Segment Start: GIVEN DATA

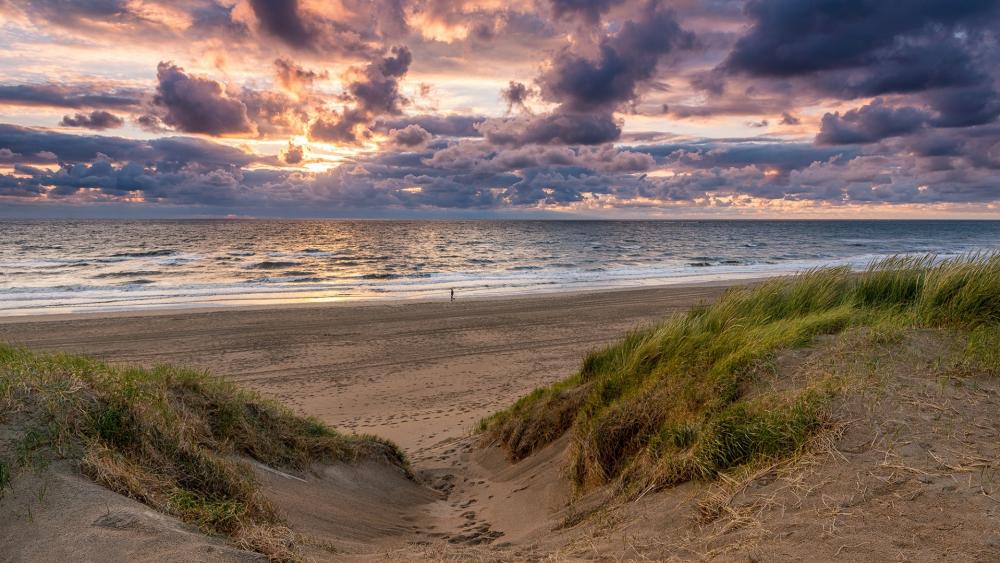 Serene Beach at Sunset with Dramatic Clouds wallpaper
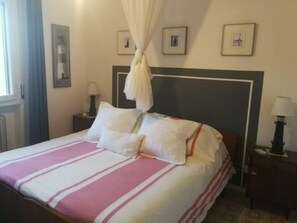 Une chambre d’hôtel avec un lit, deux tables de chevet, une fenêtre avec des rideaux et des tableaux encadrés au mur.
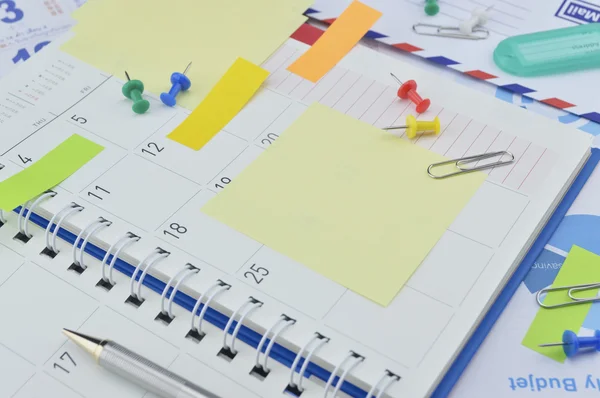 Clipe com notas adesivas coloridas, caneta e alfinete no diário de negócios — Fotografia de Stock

Segment End: GIVEN DATA

■ TASK
Repeat, exactly and in full, all the material above except its pictures.

■ OUTPUT BELOW
 Serene Beach at Sunset with Dramatic Clouds wallpaper
 Une chambre d’hôtel avec un lit, deux tables de chevet, une fenêtre avec des rideaux et des tableaux encadrés au mur.
 Clipe com notas adesivas coloridas, caneta e alfinete no diário de negócios — Fotografia de Stock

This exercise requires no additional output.